- **Task statement**
From the records below, extract only the lines running from the line with "Kristin Ess Hair" to the line with "Hipster Turkey Nerd", both lines included, reproducing them exactly.
[[ Task data open ]]
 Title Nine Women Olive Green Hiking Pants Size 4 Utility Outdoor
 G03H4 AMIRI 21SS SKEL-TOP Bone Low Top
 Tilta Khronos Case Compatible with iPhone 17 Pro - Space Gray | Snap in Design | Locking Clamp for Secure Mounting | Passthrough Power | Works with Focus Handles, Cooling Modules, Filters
[[ Task data closed ]]
[[ Task data open ]]
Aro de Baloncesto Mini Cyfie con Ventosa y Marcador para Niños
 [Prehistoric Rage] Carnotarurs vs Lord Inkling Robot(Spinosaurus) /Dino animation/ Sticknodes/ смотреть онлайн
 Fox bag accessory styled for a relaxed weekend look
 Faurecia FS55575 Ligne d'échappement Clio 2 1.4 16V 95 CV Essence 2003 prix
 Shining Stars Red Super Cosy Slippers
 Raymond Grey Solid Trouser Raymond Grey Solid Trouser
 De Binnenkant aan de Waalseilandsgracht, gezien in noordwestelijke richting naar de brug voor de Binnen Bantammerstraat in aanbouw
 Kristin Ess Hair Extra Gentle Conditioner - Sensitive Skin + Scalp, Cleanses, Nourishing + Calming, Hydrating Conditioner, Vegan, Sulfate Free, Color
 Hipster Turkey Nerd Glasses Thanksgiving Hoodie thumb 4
[[ Task data closed ]]
- **Output**
 Kristin Ess Hair Extra Gentle Conditioner - Sensitive Skin + Scalp, Cleanses, Nourishing + Calming, Hydrating Conditioner, Vegan, Sulfate Free, Color
 Hipster Turkey Nerd Glasses Thanksgiving Hoodie thumb 4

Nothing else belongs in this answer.